If you're this worried about being traced, it's probably best not to disclose your IP address at all https://blog.cloudflare.com/welcome-hidden-resolver/

2 comments

And they would have to hide such a wiretap device from auditors.

Moreover, cloudflare would be in a legal minefield since Mozilla would likely have standing to sue, if cloudflare violates its own terms of service.

Let me be more specific: they might be fined out of existence and/or executives do prison time if they don't comply. They'll also be told to lie to preserve both the collection method and their businesses' success. Read the Lavabit case records to see FBI doing that. So, they'd be forced to comply and lie to you about it in that scenario. In such a scenario, faking transparency reports would support the lie and/or do some good showing they're stopping other threats. It's not all or nothing despite forced backdoors.
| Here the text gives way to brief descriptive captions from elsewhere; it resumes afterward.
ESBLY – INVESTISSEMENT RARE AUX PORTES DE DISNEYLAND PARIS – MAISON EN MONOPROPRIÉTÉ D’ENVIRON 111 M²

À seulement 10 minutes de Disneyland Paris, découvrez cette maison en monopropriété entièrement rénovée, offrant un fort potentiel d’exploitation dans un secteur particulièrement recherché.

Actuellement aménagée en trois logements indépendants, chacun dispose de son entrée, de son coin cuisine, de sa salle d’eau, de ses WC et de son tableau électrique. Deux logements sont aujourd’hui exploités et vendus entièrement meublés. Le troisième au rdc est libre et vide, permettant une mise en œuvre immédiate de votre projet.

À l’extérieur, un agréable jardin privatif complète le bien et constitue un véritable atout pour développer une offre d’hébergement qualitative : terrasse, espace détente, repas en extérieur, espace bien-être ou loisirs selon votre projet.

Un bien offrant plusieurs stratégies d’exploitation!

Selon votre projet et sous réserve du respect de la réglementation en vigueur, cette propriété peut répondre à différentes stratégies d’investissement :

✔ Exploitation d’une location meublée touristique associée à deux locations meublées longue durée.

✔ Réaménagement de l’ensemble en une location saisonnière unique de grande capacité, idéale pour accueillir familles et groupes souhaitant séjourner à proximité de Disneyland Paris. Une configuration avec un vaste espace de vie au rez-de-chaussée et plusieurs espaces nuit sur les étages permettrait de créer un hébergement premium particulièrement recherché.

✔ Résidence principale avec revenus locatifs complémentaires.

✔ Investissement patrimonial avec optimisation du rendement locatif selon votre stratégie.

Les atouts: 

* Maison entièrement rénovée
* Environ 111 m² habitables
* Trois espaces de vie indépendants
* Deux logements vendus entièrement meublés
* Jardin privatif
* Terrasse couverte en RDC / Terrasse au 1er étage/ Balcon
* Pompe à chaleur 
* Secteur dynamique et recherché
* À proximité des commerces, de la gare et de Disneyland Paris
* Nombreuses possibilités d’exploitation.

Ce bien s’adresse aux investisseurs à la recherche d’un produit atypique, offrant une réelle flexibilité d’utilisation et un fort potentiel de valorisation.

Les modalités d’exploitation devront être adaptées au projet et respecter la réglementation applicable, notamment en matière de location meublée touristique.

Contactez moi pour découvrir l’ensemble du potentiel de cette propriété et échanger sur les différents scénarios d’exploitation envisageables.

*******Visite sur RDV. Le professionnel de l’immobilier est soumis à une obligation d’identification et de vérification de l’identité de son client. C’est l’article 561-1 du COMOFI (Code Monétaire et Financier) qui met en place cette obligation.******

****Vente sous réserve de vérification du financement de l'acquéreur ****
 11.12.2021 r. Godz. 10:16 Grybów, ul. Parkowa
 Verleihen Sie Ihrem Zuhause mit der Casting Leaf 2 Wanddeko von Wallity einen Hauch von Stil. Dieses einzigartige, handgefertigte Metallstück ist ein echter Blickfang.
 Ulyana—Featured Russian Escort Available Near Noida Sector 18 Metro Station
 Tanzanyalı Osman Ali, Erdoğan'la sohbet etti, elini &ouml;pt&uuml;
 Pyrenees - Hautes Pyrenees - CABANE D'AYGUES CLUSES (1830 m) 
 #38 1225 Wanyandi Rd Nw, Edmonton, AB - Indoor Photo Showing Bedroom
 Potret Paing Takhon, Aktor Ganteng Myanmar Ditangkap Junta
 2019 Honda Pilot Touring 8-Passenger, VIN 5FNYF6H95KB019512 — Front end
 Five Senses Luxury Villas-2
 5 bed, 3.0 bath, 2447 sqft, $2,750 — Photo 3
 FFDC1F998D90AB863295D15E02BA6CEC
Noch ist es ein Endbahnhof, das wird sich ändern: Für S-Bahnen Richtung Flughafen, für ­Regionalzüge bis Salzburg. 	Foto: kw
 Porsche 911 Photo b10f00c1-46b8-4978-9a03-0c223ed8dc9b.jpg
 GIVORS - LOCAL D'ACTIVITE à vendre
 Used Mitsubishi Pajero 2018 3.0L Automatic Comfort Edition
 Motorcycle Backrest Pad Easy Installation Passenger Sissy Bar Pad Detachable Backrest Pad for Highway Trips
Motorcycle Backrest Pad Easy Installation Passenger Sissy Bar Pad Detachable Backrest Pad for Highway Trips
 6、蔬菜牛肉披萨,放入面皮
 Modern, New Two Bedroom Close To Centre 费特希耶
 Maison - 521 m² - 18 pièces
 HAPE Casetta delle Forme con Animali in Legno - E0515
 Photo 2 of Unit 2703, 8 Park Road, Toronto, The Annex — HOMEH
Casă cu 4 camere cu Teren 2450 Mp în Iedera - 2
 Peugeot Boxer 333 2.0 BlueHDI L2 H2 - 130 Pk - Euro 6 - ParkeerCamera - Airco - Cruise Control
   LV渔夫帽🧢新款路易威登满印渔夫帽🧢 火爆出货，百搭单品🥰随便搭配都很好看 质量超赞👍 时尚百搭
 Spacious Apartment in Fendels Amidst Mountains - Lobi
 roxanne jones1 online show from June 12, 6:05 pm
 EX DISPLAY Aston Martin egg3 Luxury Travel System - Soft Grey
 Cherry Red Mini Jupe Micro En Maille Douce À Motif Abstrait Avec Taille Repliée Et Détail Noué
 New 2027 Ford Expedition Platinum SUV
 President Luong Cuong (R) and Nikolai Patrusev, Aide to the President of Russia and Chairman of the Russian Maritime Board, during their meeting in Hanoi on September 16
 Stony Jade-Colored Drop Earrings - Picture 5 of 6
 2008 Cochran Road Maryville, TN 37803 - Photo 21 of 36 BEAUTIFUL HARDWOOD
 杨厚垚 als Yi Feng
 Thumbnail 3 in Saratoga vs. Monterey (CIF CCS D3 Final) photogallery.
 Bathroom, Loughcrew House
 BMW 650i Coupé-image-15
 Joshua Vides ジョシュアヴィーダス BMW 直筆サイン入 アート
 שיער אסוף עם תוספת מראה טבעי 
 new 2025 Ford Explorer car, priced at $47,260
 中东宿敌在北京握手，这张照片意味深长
So, you basically have to believe the US-based company you trust won't take 8-9 digit bribe, will accept bankruptcy, and/or has people who will do time for your privacy. I don't trust anybody running for-profit companies to do that except for maybe Levison. Even he might change after weighing damage he received vs probably no benefit of principled stand. Maybe he'll stay in the fight, too. Who knows. I do know Cloudfare has financial incentives to take massive investments and/or avoid massive losses. Might work against users at some point.

To be clear, Im a big fan of Cloudfare. They're awesome. There's just upper limit of trust since they're profit-motivated operating in a quasi-police state (ie a Dual State).